The International Military Tribunal, sitting at Nuremberg in 1945 and 1946, confirmed the limited scope of crimes against humanity in its final judgment. Although there was frequent reference to the preparations for the war and for the Nazi atrocities committed in the early years of the Third Reich, no conviction was registered for any act committed prior to 1 September 1939.[19]

Defining genocide

Dissatisfaction and frustration with the limited concept of ‘crimes against humanity’ emerged in the final months of 1946, within days of the judgment at Nuremberg. The initiatives came from States in what would later be called the ‘third world’, specifically India, Cuba, Panama and Saudi Arabia.
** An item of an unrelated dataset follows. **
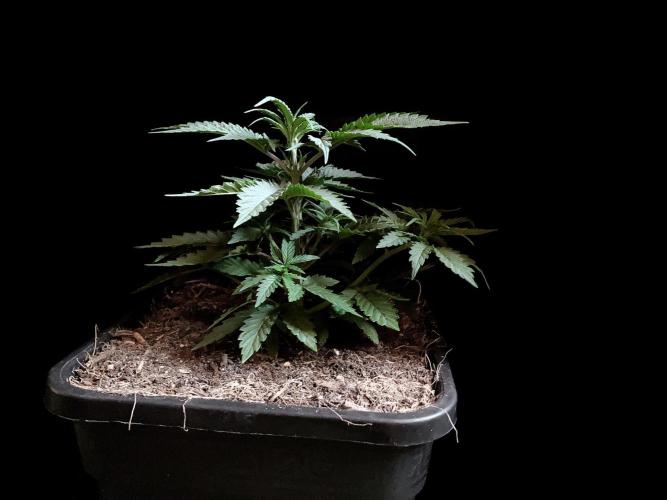 3M 🍁 NL x Thai. Week 4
Unlike the great powers, who feared that a broad scope for the term ‘crimes against humanity’ might ultimately rebound to challenge repressive acts committed by them within their far-flung empires, the vulnerable emerging states of the underdeveloped world contemplated an instrument that would protect them. For the latter, it was a priority to recognize international criminalisation of atrocities in peacetime, that is, applicable during the banal everyday reality of colonial and post-colonial societies. They sought and obtained this recognition, but only for a more narrowly described form of crime against humanity, genocide. Article II of the 1948 Genocide Convention defined genocide as follows:

In the present Convention, genocide means any of the following acts committed with intent to destroy, in whole or in part, a national, ethnical, racial or religious group, as such:

(a) Killing members of the group;

(b) Causing serious bodily or mental harm to members of the group;

(c) Deliberately inflicting on the group conditions of life calculated to bring about its physical destruction in whole or in part;

(d) Imposing measures intended to prevent births within the group;

(e) Forcibly transferring children of the group to another group.

This was not the first attempt to definite the term. In 1944, Lemkin had proposed the following definition:

[A] co-ordinated plan of different actions aiming at the destruction of essential foundations of the life of national groups, with the aim of annihilating the groups themselves. The objective of such a plan would be disintegration of the political and social institutions of culture, language, national feelings, religion, and the economic existence of national groups and the destruction of the personal security, liberty, health, dignity and even the lives of the individuals belonging to such groups. Genocide is directed against the national group as an entity, and the actions involved are directed against individuals, not in their individual capacity, but as members of the national group.[20]

In a sense, Lemkin’s definition was narrow, in that it addressed crimes directed against ‘national groups’ rather than against ‘groups’ in general. At the same time, it was broad, to the extent that it contemplated not only physical genocide but also acts aimed at destroying the culture and livelihood of the group.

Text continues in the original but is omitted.